**Your goal:**
Every line from the one holding "CS Battery for" through the one holding "Ripe tomatoes scattered" in the data below must be returned exactly, both ends included, with pictures left out and nothing else added.

• • • • • • •

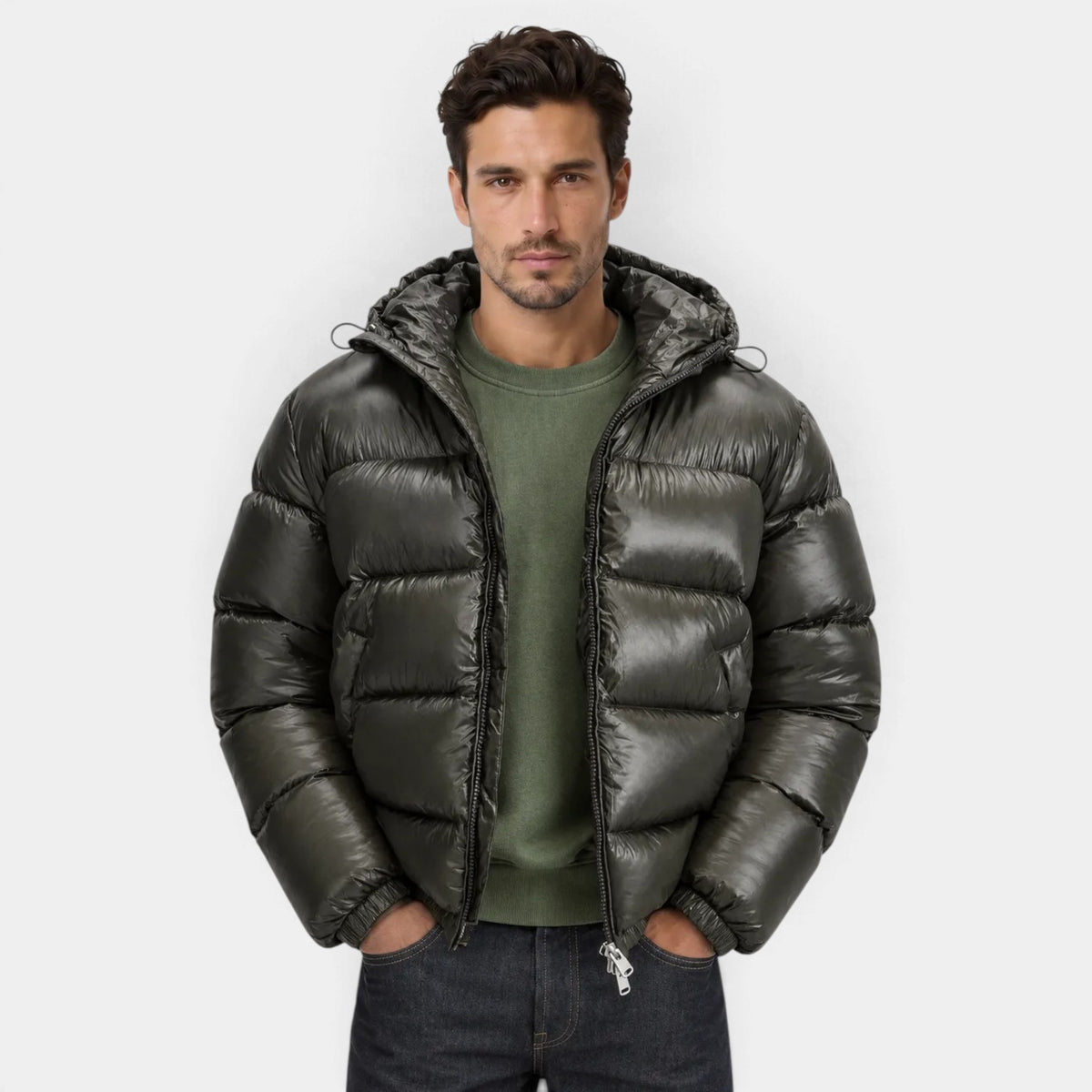 Men's Warm Insulated Puffer Jacket for Winter
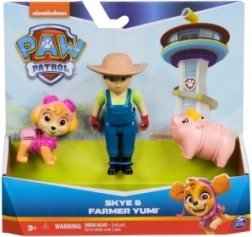 Set di figure Paw Patrol Skye e contadina Yumi con maialino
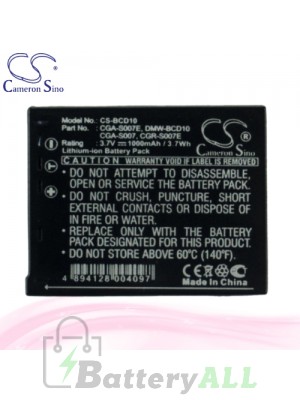 CS Battery for Panasonic Lumix DMC-TZ1EG-A / DMC-TZ1EG-K Battery 1000mah CA-BCD10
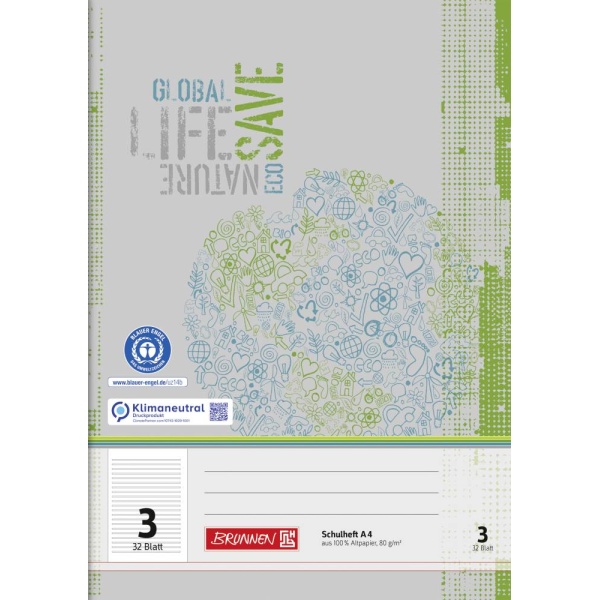 Ein Schulheft Lineatur 3 aus Recyclingpapier mit 32 Blatt im DIN A4-Format mit grauem Cover von der Marke Brunnen.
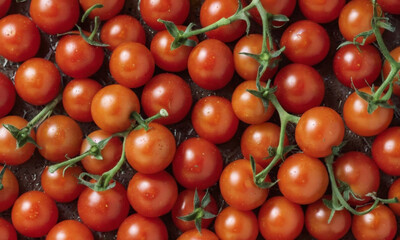 Ripe tomatoes scattered across a textured surface. Each tomato is bright red and glossy, indicating ripeness and freshness.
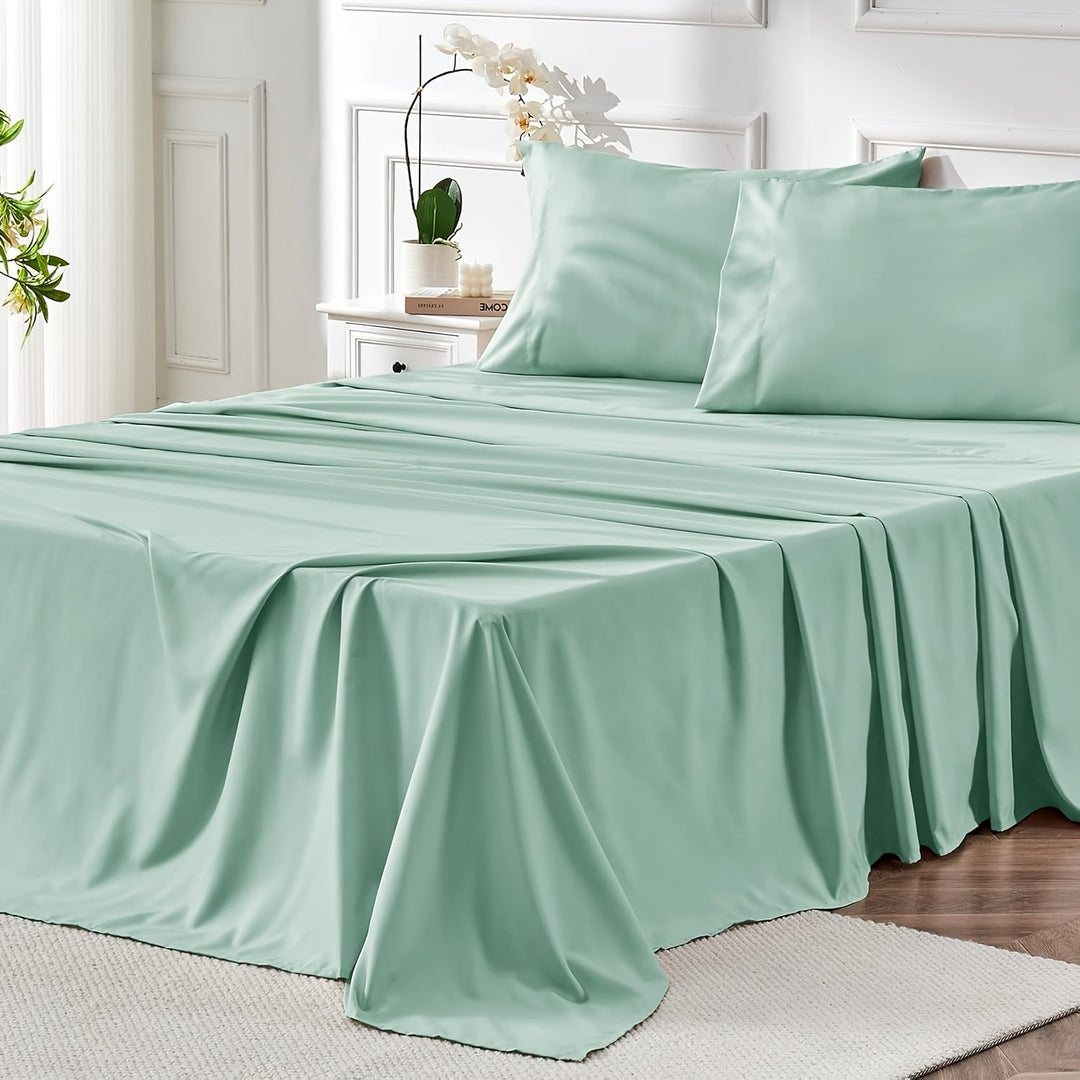 4-delat mjukt svalt sänglakan för queen-size: 14" djupa fickor, lyxig hotellkvalitet, krymp- och blekningsbeständig, lättskött sänglakan-set | Karnz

• • • • • • •

**Solution to this task:**
 CS Battery for Panasonic Lumix DMC-TZ1EG-A / DMC-TZ1EG-K Battery 1000mah CA-BCD10
 Ein Schulheft Lineatur 3 aus Recyclingpapier mit 32 Blatt im DIN A4-Format mit grauem Cover von der Marke Brunnen.
 Ripe tomatoes scattered across a textured surface. Each tomato is bright red and glossy, indicating ripeness and freshness.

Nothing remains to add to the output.